In 2008, the Bruins advanced for the third straight year to the NCAA men's basketball tournament, after winning the Atlantic Sun Regular Season as well as Atlantic Sun Tournament Championship, again earning a 15 seed, this time against the #2 seeded Duke Blue Devils. Belmont had their best tournament showing ever in this game, losing by a score of 71–70 to the Blue Devils.

In 2009, the Bruins posted their first postseason men's basketball victory by beating Evansville in the CollegeInsider.com Post Season Tournament (CIT).

In 2011, the Belmont Bruins Men's Basketball program posted a 19–1 record in the Atlantic Sun Conference, won the regular season conference championship, and won the Atlantic Sun Conference tournament Championship by the largest margin (41 points) in conference history. The Bruins entered the NCAA Tournament as a 13th seed, losing to Wisconsin 72–58. The Bruins' 30–5 record for the season set a new, NCAA era record for the program.

In 2012, the team won the Atlantic Sun Regular Season Championship for the fifth time in six years, along with the Atlantic Sun Conference tournament, thus reaching the NCAA Tournament for the fifth time in seven years. Belmont received the fourteenth seed in the Midwest Regional, losing to Georgetown 74-59.

==Athletic facilities==

The Curb Event Center is home for the volleyball and men's and women's basketball teams' games. The practice facility for these teams is the Crockett Center for Athletic Excellence.

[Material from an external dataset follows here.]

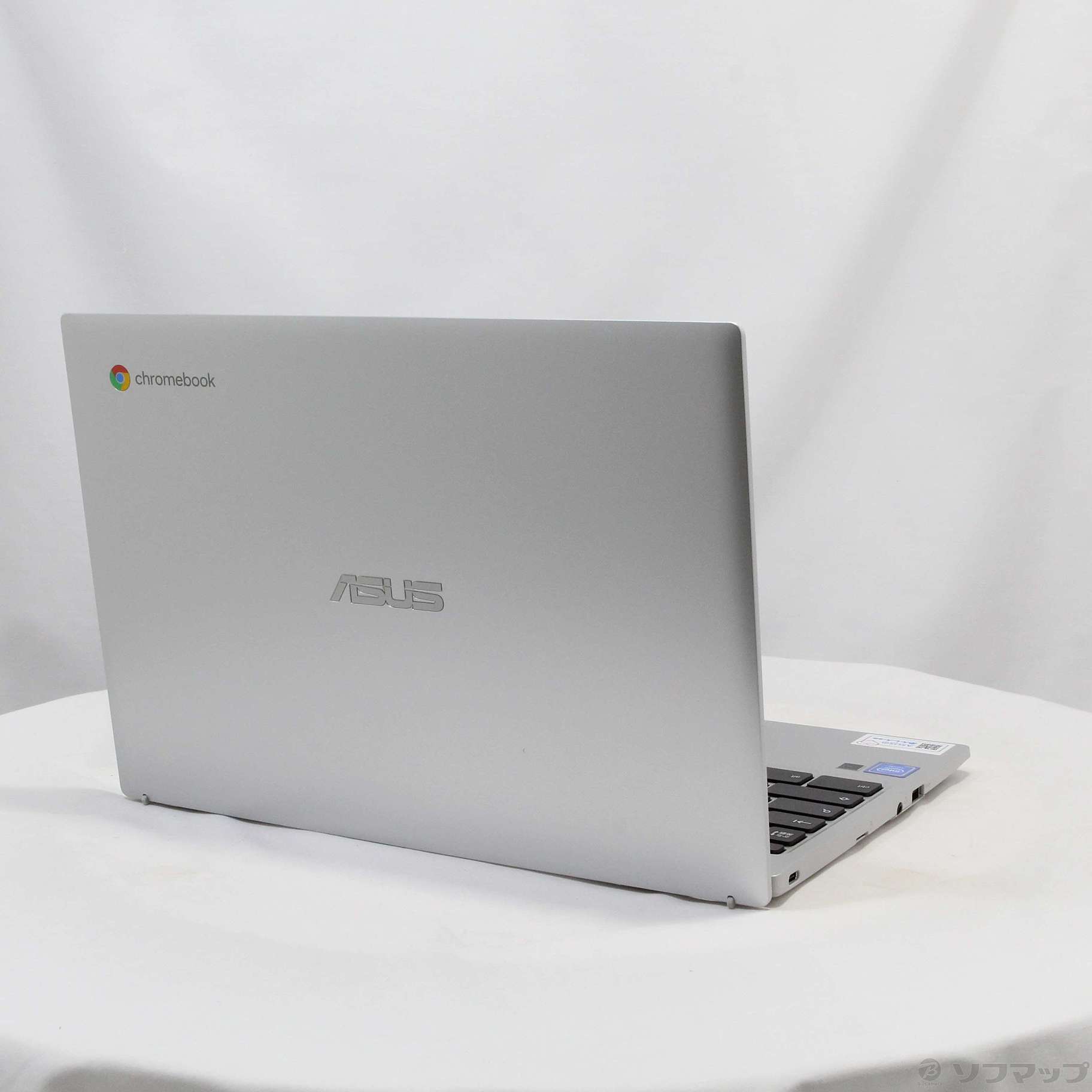 中古】Chromebook CX1 CX1101CMA-GJ0004 トランスペアレントシルバー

The group of stadiums at Nashville's E. S. Rose Park, located near the campus, is home for Belmont's baseball, softball, men's and women's soccer, and men's and women's outdoor track and field teams.

Nashville's Percy Warner Park hosts Belmont's men's and women's cross country teams.

Belmont's men's golf team practice facility is The Little Course at Conner Lane in Franklin, Tennessee.

The Beaman Family Tennis Complex, which sits atop the Crockett Center is home to the Belmont men's and women's tennis teams.